In recent weeks, pundits, diplomats and assorted foreign policy wonks have started raising the alarm on U.S.-Russia relations, with the Obama administration's much-trumpeted "reset" seeming to be increasingly under threat. A recent travel ban by the U.S. State Department on certain Russian officials believed to be involved in the death of lawyer Sergei Magnitsky elicited an angry response from Moscow threatening cooperation in areas ranging from Afghanistan to North Korea. Russia's ambassador to NATO, Dmitry Rogozin, has started grousing about U.S. missile defense plans again. And all of this comes against a backdrop of increasing criticism from Prime Minister Vladimir Putin and his factional supporters in the Russian government about U.S. policy in Libya and Syria. Predictably, this has resulted in a stream of op-eds in the Western press raising the specter of a "new Cold War."

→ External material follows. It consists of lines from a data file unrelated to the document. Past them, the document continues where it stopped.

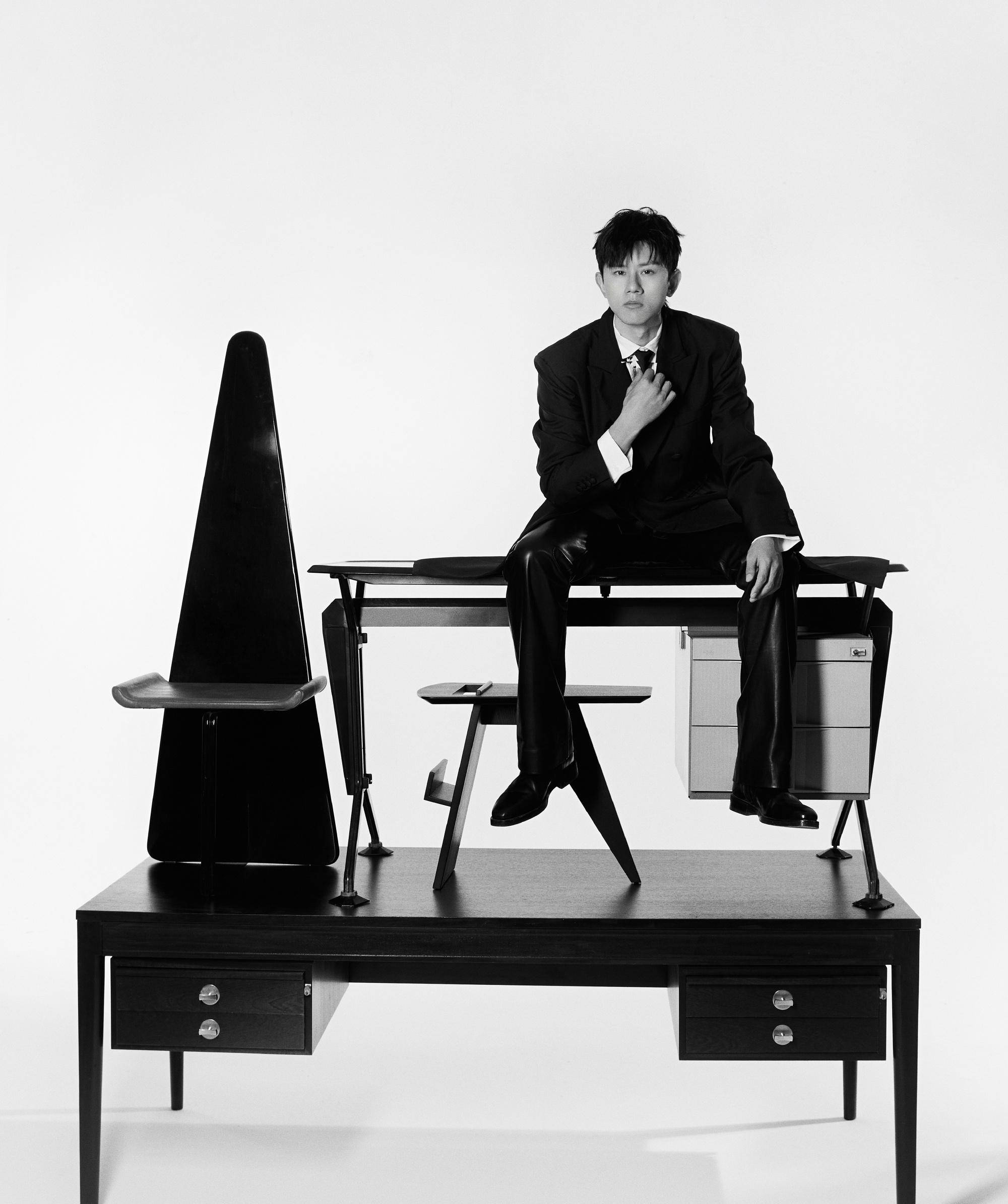 首期封面张杰留着狼尾发型,黑白拼接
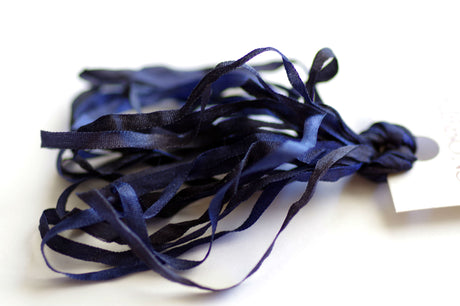 087 Midnight Cobalt - Silken Ribbons 4 mm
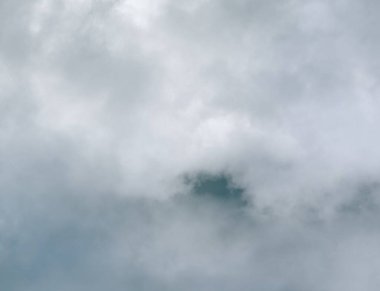 soyut grunge bulutlar, kopya alanı ile renkli arka plan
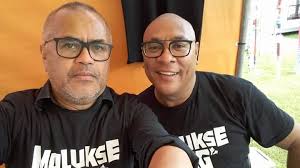 PERSBERICHT TIGA BATANG AIR Met ingang van 1 januari 2019 vallen de lessen  Maleis, die voorheen door ondergetekenden verzorgd werden onder de vlag van  Stichting ROM (Rhythm Of Maluku), onder de activiteiten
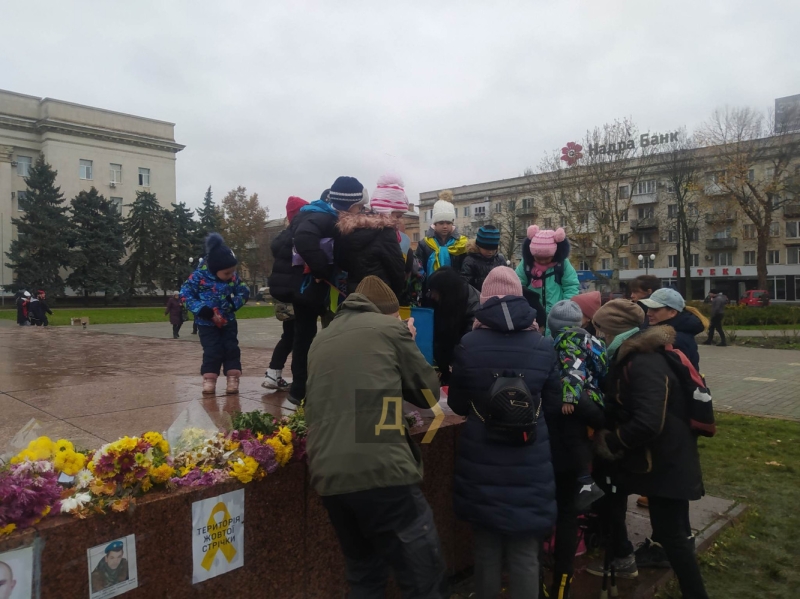 Ситуация в освобожденном Херсоне: воды и света нет, налаживается связь, ограблены музеи, заминирован архив, но жизнь продолжается!  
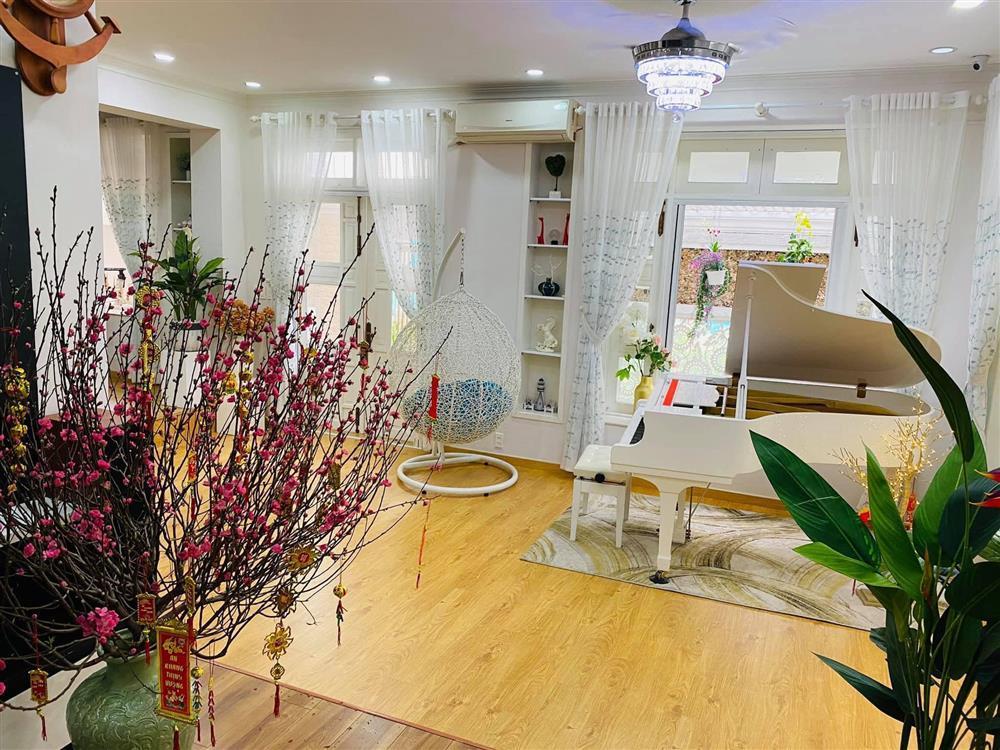 Chiêm ngưỡng loạt biệt thự khủng của Vy Oanh-7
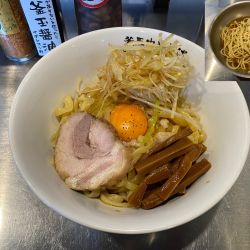 リッチ釜玉中華そば900円 +替え玉200円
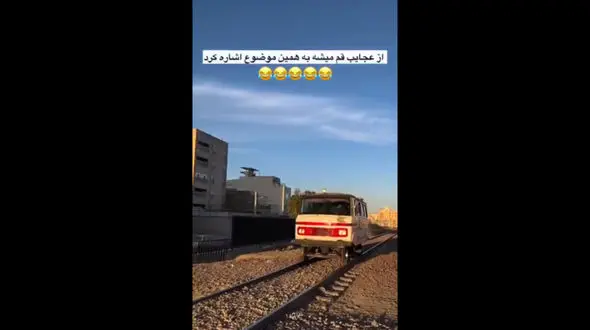 مینی‌ بوس ریلی در قم؛ داستان یک خودروی عجیب و خارق‌ العاده / فیلم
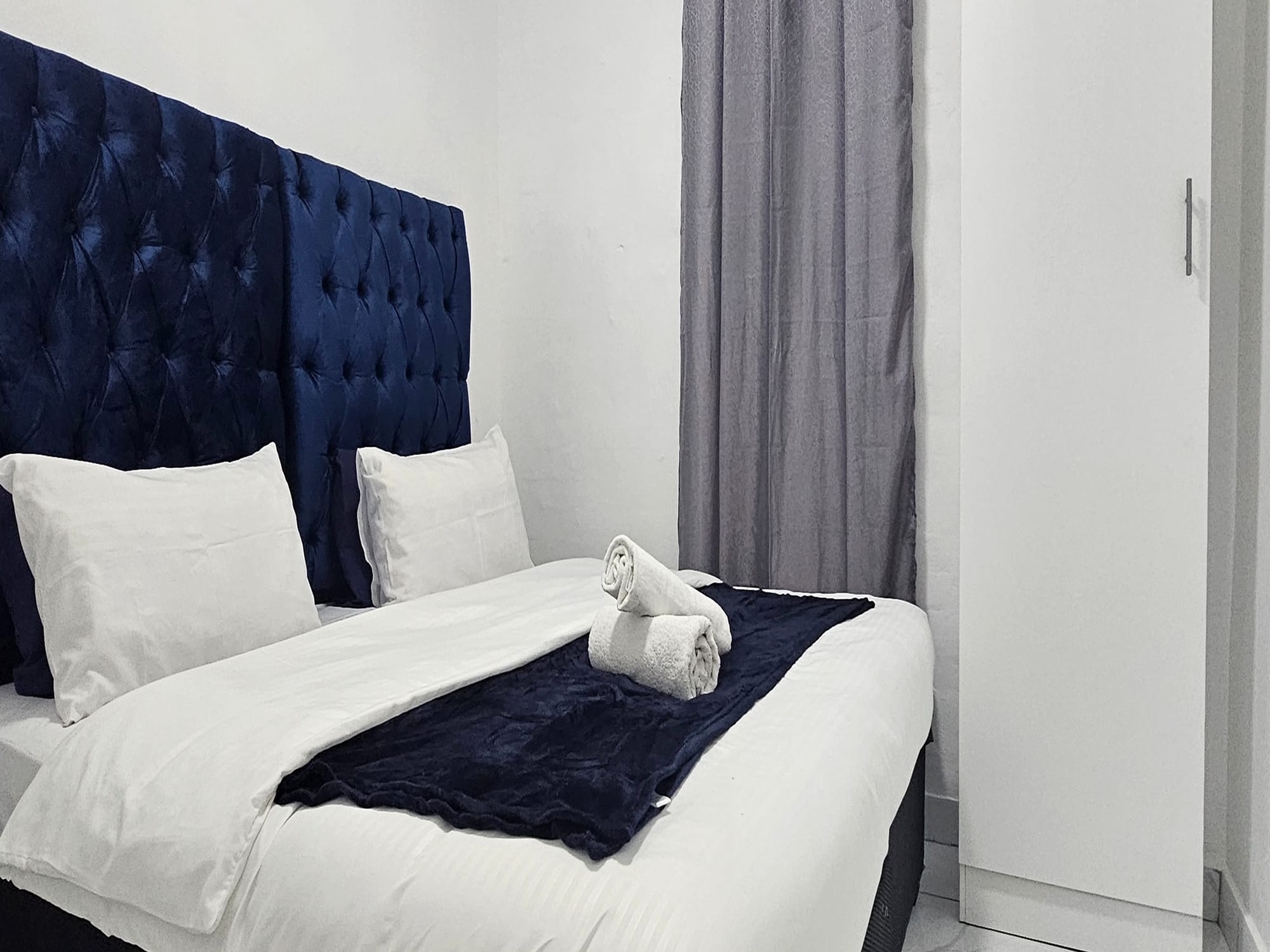 2-Sleeper | Fitzroy 10 | R750/night (Save 10% vs. other Cape Town hotels)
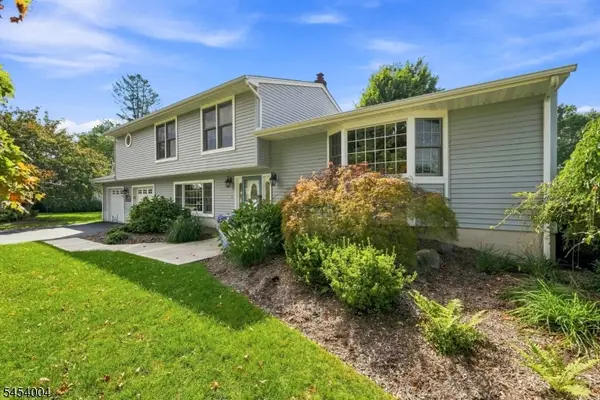 11 Mary Pl, Pequannock Twp., NJ 07440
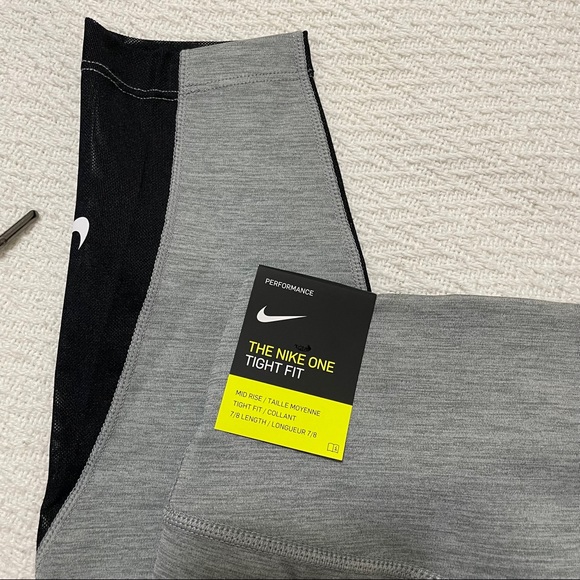 Nike Women's One Mid-Rise 7/8 Tight Pants - Picture 7 of 7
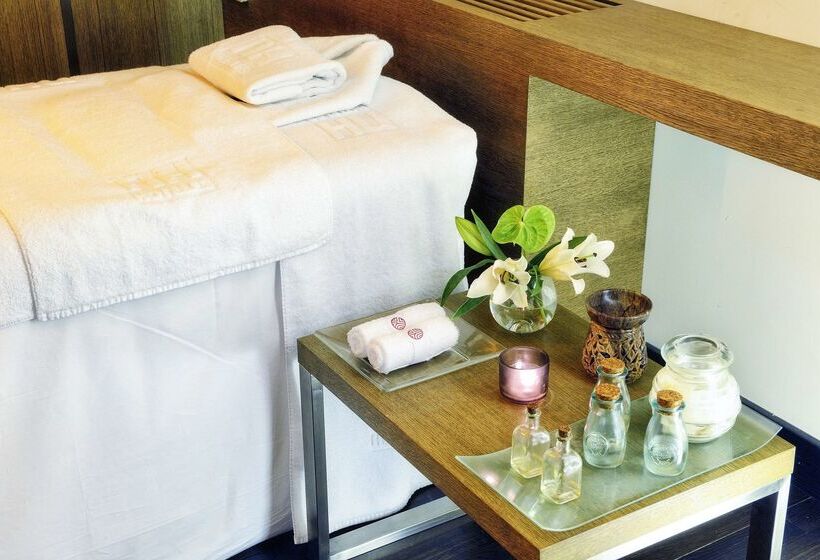 هتل NH Collection Madrid Palacio De Tepa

So is the concern justified?
In a word, no. There has been no major break in U.S.-Russian relations, nor is one likely. What we are seeing is yet another one of Russia's periodic succession crises in the run-up to next year's presidential election. As Russia is in functional terms a nondemocratic state, there is no effective and broadly accepted mechanism for ensuring an orderly transfer of power, and arguably there hasn't been one since the days of the tsar. The selection and installation of a new ruler tends to be a perilous affair for everyone involved. It also tends to make Russian foreign policy highly reactive and aggressive until the crisis passes.